I found myself engaged by the story despite the fact that a lot of it adheres to essentially sitcom logic. It's based on the true story of the film's screenwriter, Will Reiser, and his battle with cancer as well as his relationship with Seth Rogen and how it helped pull him through. I already knew the guy survived his cancer because both he and Rogen appeared on The Howard Stern Show to promote the film. To Howard Stern they revealed that the two of them became friends writing for Da Ali-G Show and that they came up with the premise for one of my favourite Bruno bits;
Joseph Gordon-Levitt plays "Adam Lerner", the fictionalised version of Reiser, while Rogen essentially plays himself. Seth Rogen is such a fun, laid back and likeable actor, but I actually found his stuff in the movie among its least effective moments. The premise of him using Adam's cancer to get himself and Adam laid is funny, but it's played a bit too broadly, and the way Rogen approaches the first girl in this project might as well have been with a neon sign declaring his intentions above his head. This is what I mean by the movie's sitcom logic, which rears its ahead again in other places, as with the black and white pathetic relationship Adam has with his girlfriend played by Bryce Dallas Howard, who cheats on him after not having sex with him for a long time even before his cancer.
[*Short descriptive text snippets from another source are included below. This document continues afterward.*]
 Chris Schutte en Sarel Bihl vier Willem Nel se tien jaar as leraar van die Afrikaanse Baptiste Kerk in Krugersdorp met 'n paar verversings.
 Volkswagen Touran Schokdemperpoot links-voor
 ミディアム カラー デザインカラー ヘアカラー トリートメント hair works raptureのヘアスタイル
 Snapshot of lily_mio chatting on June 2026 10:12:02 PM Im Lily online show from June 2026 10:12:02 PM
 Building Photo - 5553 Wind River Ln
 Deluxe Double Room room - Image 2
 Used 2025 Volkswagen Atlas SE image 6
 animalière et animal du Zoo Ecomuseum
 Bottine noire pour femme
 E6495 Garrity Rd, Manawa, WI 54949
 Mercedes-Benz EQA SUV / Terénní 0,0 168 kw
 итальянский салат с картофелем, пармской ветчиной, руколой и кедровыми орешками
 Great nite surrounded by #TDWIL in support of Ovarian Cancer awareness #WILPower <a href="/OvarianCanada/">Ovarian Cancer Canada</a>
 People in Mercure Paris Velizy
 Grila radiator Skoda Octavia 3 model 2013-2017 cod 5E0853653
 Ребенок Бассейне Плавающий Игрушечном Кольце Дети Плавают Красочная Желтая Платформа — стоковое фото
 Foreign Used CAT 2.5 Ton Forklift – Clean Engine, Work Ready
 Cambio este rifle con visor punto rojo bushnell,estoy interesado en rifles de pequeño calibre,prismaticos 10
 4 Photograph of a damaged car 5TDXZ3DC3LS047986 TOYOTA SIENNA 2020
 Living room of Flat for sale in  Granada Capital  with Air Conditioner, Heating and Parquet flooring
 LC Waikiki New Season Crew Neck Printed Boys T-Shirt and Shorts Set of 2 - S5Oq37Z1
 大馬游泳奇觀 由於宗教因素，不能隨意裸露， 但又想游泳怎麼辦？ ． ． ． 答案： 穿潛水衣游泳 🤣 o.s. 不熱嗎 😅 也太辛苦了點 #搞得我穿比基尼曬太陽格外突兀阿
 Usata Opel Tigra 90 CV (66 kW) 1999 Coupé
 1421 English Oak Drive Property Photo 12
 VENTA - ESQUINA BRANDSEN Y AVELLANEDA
Much more effective is the relationship that develops between Adam and Katharine, his therapist played by Anna Kendrick whose tops have necklines that lower as the film progresses.
Her adorable awkwardness at learning her new role as therapist, awkwardly implementing therapeutic techniques like ambient music and gentle arm patting, plays well with Adam's vulnerability in his crisis. It's this chemistry, Gordon-Levitt's commitment and some of the genuine insight into the helpless feelings brought on by his situation in the script, that makes the movie work as well as it does.
For a movie of this kind, it's not bad. I did think about Ikiru, and how its ear was so much better for humanity and the nature of life and death, but not every movie can be a masterpiece and maybe it's not even fair to bring up Ikiru. As a more Apollonian work, 50/50 makes cancer easier to swallow, and sometimes that's a good thing.